▸ Problem description
Using the data below, return the stretch from the line that contains "Cropped-Jacke aus Satin | LaQuan Smith" through the line that contains "Wilfrid Laurier Golden", both included, exactly as it stands and nothing beyond it.
[[ Input data, beginning ]]
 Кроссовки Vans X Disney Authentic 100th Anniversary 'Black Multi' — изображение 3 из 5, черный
[[ Input data, end ]]
[[ Input data, beginning ]]
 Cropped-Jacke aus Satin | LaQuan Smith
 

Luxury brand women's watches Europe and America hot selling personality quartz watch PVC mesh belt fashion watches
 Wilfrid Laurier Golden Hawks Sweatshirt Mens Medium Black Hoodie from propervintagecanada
[[ Input data, end ]]
[[ Input data, beginning ]]
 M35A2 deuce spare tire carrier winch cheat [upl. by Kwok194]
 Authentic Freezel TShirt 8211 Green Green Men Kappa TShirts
[[ Input data, end ]]
▸ Response
 Cropped-Jacke aus Satin | LaQuan Smith
 

Luxury brand women's watches Europe and America hot selling personality quartz watch PVC mesh belt fashion watches
 Wilfrid Laurier Golden Hawks Sweatshirt Mens Medium Black Hoodie from propervintagecanada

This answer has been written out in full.